Exercise directions - One exact copy of the listing is needed. It should contain no pictures.

Collected data -
+--

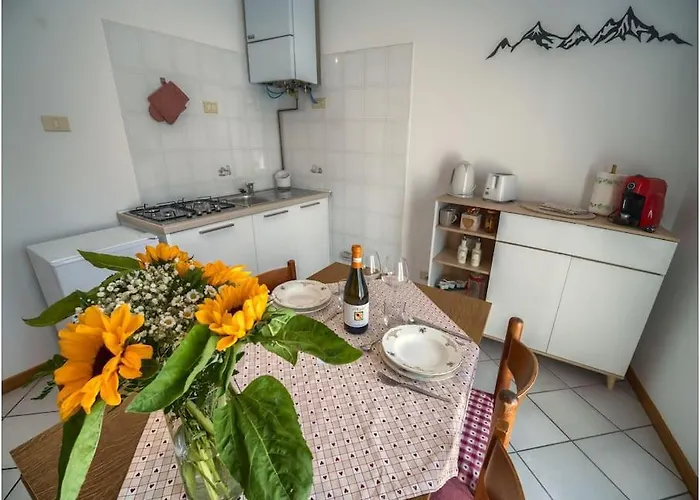 Casa Curva Lejlighed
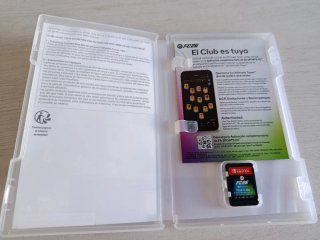 FC 26 Nintendo Switch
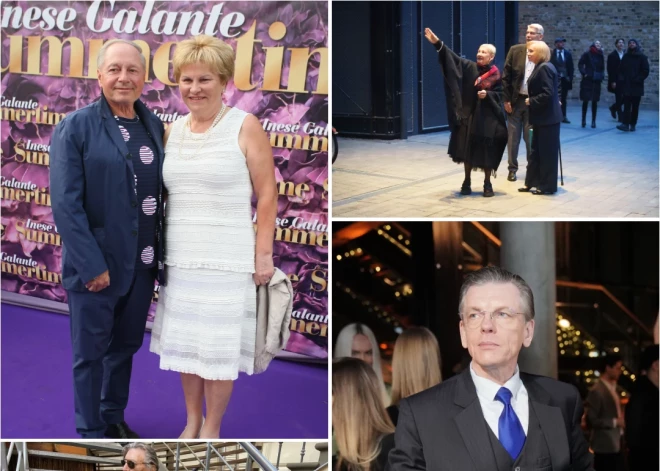 Gavrilovi spiesti izvākties no villas Jūrmalā, Inga Grencberga tiek laukā no mentālā "purva", Repše kļūst par aktieri - pašmāju slavenībām jauna dzīve un spožas atgriešanās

+--

Response -
 Casa Curva Lejlighed
 FC 26 Nintendo Switch
 Gavrilovi spiesti izvākties no villas Jūrmalā, Inga Grencberga tiek laukā no mentālā "purva", Repše kļūst par aktieri - pašmāju slavenībām jauna dzīve un spožas atgriešanās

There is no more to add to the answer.